During the period 2004-2014, labour productivity grew by an annual average of 2.7%, while capital productivity declined by 0.6% resulting in a multifactor average annual growth rate of 0.7%.

However, at that time there were already signs of forces at play that would shape the next 25 years.

On the domestic front, the country was facing an aging society.The population was projected to grow to around 1,486,000 by 2040 from 1,186,873 in 2000, with the proportion of person aged 60 and above to increase to 23.5% from 9.1% in 2000.

Global forces emerging were urbanization and the resulting pressure on natural resources, climate change, formation of trade blocs, and digital globalization.

In a report published in 2014, according the Jeremy Bentham, Vice President Business Environment at Shell, “Urbanization will be one of the most significant dynamics affecting the future, presenting both opportunities and risks”. According to the report: “New Lenses on Future Cities, it is projected that by 2050 about three quarters of the world inhabitants, which would have grown from seven to nine billion, will live in cities. This would be “building the equivalent of a new city of over 1.4 million people every week”. Among the regions expected to see the greatest growth in urban population is sub-Sahara Africa – particularly Nigeria”.

At the same time, the increase in world population and the improving standard of living would increase the demand on natural resources particularly water, food and energy.

Global warming would bring dramatic climate change to entire regions of the globe and cause the level of the ocean to rise.

Finally, the advent of digital globalization was disrupting major industries, business models and economies. The world was more connected than ever. Digital platforms changed the economics of doing business, enabling start-ups to sell globally, talent to be sourced globally and, for the first time, allowed companies from emerging economies to participate in global trades to compete against established companies in advanced economies. 

Mauritius by making the right choices in 2016 became a first-world country by 2043. Instead of looking at these forces as challenges, Mauritius took a different approach, viewing themas opportunities.

Embracing the trend in global urbanization, Mauritius started immediately to acquire and develop the expertise to design, build and manage liveable cities that were sustainable and competitive. It dawn on the government and the private sector that the efforts to develop special economic zones in Africa and the building of smart cities and Heritage City presented the same types of challenges. Instead separately trying to implement these projects, why not join forces to become a leader in this area. Together they could start to acquire the skills set and attract international professionals to develop the cities of the future. A joint public/ private sector effort established The Centre of African Urbanization bringing under one roof experts in city planning and design; sustainable building design and engineering; Internet and Wi-Fi connectivity; energy and water production, distribution and management; waste management; and public transportation and mobility. Using Mauritius as the learning and testing laboratory, the Centre developed a global reputation and enabled the export of its expertise to Africa. By 2043, Mauritius companies are managing projects across sub-Sahara, helping governments to build and manage cities.

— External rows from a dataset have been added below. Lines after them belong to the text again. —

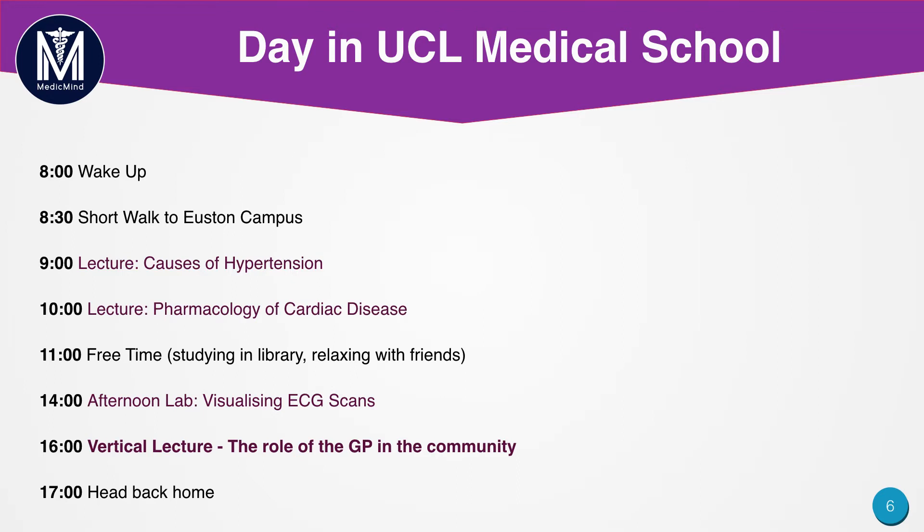Then in the afternoon you usually have a vertical lecture. Vertical lectures are called vertical because the knowledge required for them spans from year one to year six — it goes vertically throughout the medical career. This is typically related to the ethical aspects of medicine, for example the role of the GP in the community.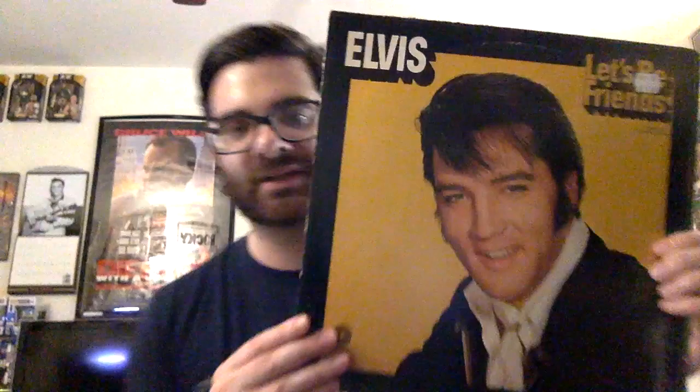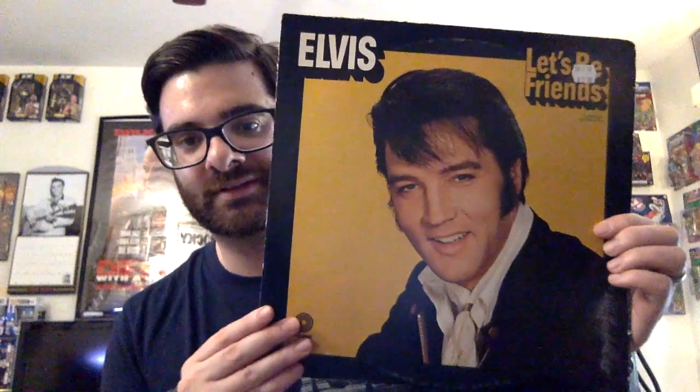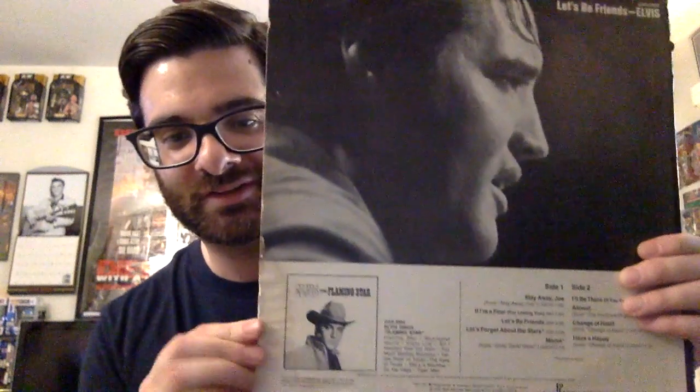The next one I got was another cheap one — about seven bucks. Elvis 'Let's Be Friends.' A lot of times I just enjoy the cover, and the cover is pretty cool. This is one of the Camden or actually Pickwick budget albums, as they would call them. This is what the record looks like.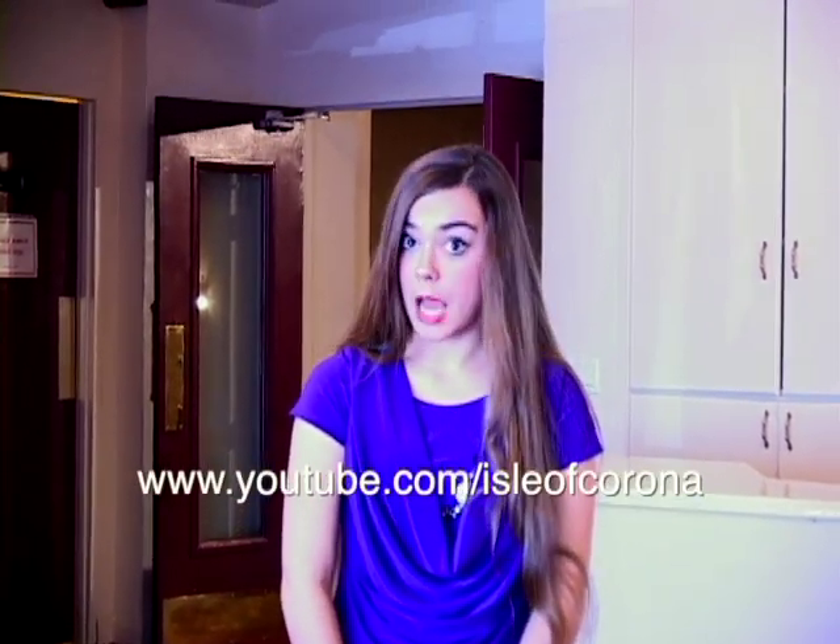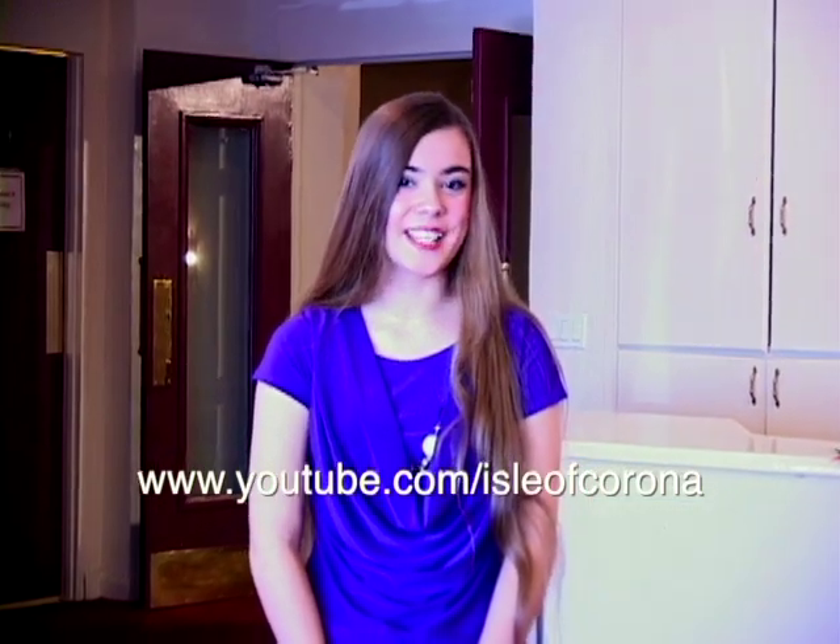Thanks for watching. This programming is made possible by the Corona Heritage Foundation for History, Art and Culture of Corona, California. Please make sure to subscribe to I Love Corona on YouTube and watch out for our next segment. I'm Daria Rogers and I Love Corona.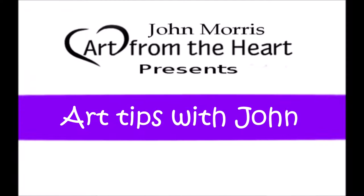Hi folks, and welcome to Art Tips with John, a show that teaches you how to build your business and also improve your artwork. Well, hi folks, and how are we doing today? Hoping you're having a wonderful day wherever you are in the world today.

The rising level of the ocean presented the country with the opportunity to develop its ocean economy. Instead of viewing the ocean as a threat, the ocean was treated as an ally. Mauritius decided to become one of the leaders in the area of coastal protection services that would be in much need by island countries and by countries having coastal areas. This service industry initially recruited foreign talents but quickly trained Mauritian nationals attracted to this growing industry.

The country set up research centres with the aim of developing new economic activities from and in the ocean. Energy gene-ration from waves has become a source of electricity supply to the country, making Rodrigues becoming an island relying solely on green energy. It ventured into living in the ocean. The country encouraged the construction of under water habitats like hotels, restaurants and entertainment areas. A major training centre in sea navigation and sailing, based in Rodrigues, became one of the main activities attracting international students and gave rise to marine-related activities.

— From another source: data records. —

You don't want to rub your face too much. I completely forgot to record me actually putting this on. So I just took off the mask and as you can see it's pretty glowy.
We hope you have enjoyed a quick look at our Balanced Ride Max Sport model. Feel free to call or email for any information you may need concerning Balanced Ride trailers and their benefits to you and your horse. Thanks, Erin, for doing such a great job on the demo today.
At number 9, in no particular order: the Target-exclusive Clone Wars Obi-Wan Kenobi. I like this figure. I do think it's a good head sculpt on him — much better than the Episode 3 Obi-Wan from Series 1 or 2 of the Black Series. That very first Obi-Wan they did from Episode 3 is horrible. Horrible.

In 2016, Mauritius decided to actively take a leadership role in SADC and COMESA to transform these two economic groups in a combined Common Market of Africa following the realization that the Trans-Pacific Partnership agreement among twelve Pacific Rim countries would have a significant impact on world trade. Africa could be left behind. In addition, the threat of robots in factories became a major challenge to the industrialization of Africa. Companies in advanced economies were no longer setting up production lines in Africa to take advantage of cheap labor as robots could be used in factories in the home countries.

The third new pillar of economic growth was based on the trend of digital globalization. According to a McKinsey study in 2016: “Over a decade, global flows have raised world GDP by at least 10 percent; this value totaled $7.8 trillion in 2014 alone. Data flows now account for a larger share of this impact than global trade in goods.” Using its BPO industry as the base, Mauritius took advantage of this digital globalization to position itself as a major switching point in the flows of global data. And it did not by try to become another Silicon Valley. It developed expertise in data storage and management, data analytics and data security.

How did this happen? First, the country as a whole finally acknowledged that Mauritius would be unable to compete in the manufacturing sector. Robots were displacing workers and this trend was set to accelerate.

The impetus for this development of Mauritius was the realization by all the stakeholders that the “Business as Usual” was unsustainable. Following the questioning of the viability of a real estate development economic strategy in the face of a lack of internal demand, a retreat of Chinese investors from the global economy as the Chinese government adopted measures to stem the flow of outward investments from China, and a slowing of economic development in Africa due to the steep decline in oil and commodity prices, all the stakeholders of the country had no choice but to unite and work as Mauritius Inc. for a better future.

The leaders of the government of the day and the private sector realized that there was a need to adopt a new model of economic development that would also involve the collaboration of intelligent and smart workers.

Mauritius needed to leverage its inherent strengths, namely its geographic position that would provide control over the communication links between Africa and Asia, the trading skills of its private sector, the inherent abilities of its population, its pro business environment and its unique collaboration between the public and private sector.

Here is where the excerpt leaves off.